Tim Ashley 

Proms 32 & 33 – Multiple Pianos Day

Royal Albert Hall, LondonThe Proms' piano day struggled to rise above the mediocre, but when it did, the effect was mesmerising, writes Tim Ashley
  
  


The sound of several pianos playing together is associated, almost invariably, with either the clattering mechanics of modernism or the whirling figurations of the minimalists. The Proms' Multiple Pianos Day aimed at placing our preconceptions in some sort of context. The modernists and John Adams were bundled together in the evening concert, with Edward Gardner conducting the London Sinfonietta. In the afternoon, meanwhile, Ludovic Morlot and the Britten Sinfonia gave us a broader if rather bitty spectrum of multiple piano potential.

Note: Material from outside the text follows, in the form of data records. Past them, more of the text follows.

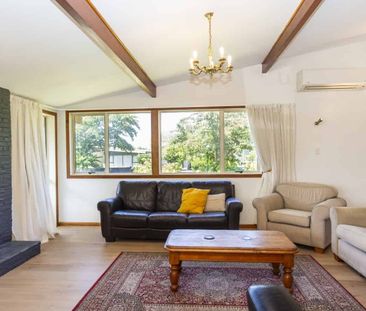 Spacious 4-bedroom home in Avonhead! - Photo 2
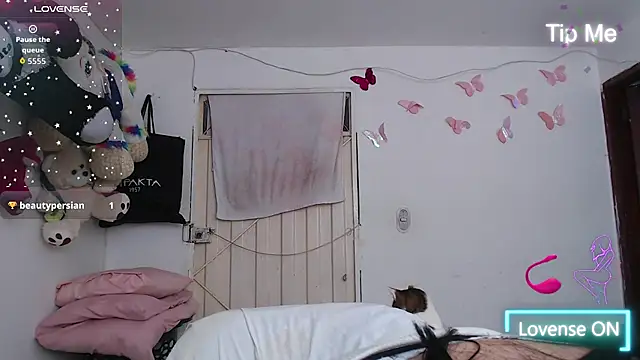 Angel-Hott_ Chat XXX in diretta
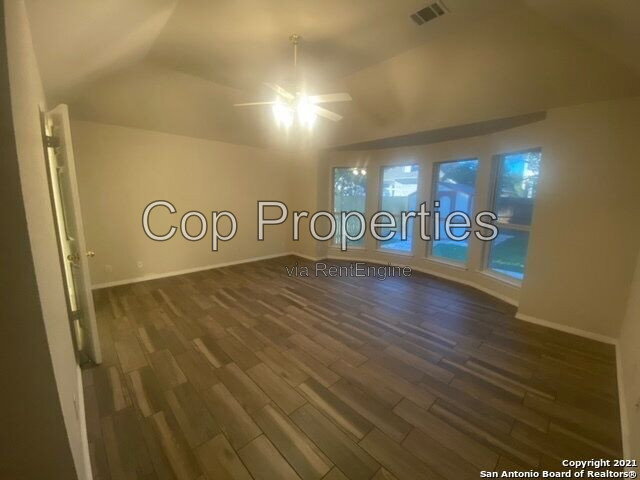 Photo - 5115 Sagail Pl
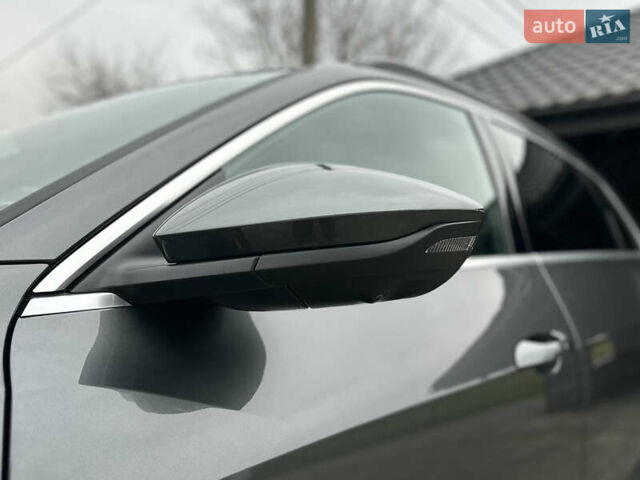 Сірий Ауді E-Tron, об'ємом двигуна 0 л та пробігом 22 тис. км за 49999 $, фото 33 на Automoto.ua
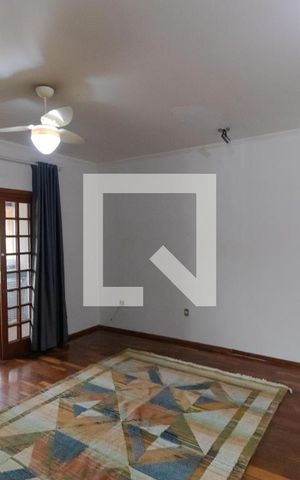 Casa para alugar com 200m², 3 quartos e 1 vagaSalas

Morlot got off to a perverse start with Fauré's Dolly Suite, written for piano duet, but given here in a saccharine orchestration by Henri Rabaud, which, paradoxically, contains not a single piano. Thereafter, Morlot fielded an impressive array of well-known two-piano teams. Katia and Marielle Labèque were heavyweight in Mozart's E flat Concerto, but mightily exciting in Lutosławski's Variations On a Theme of Paganini. The world premiere of Left Light by the fashionable Anna Meredith turned Philip Moore and Simon Crawford-Phillips into competitive duellists. Saint-Saëns's Carnival of the Animals was done with bags of charm, meanwhile, by Lidija and Sanja Bizjak.

Gardner's concert was hit and miss, however. A roster of pianists including Ashley Wass and John Constable waged war with the Albert Hall's cavernous acoustic in George Antheil's Ballet Mécanique. Stravinsky's Les Noces was let down by unaccountably tentative choral work from the BBC Singers and a variable lineup of vocal soloists.

The high point was Adams's Grand Pianola Music, ravishingly played by Constable and Rolf Hind, and with Gardner finely attuned to its ambivalent amalgam of transcendentalist rapture and banality.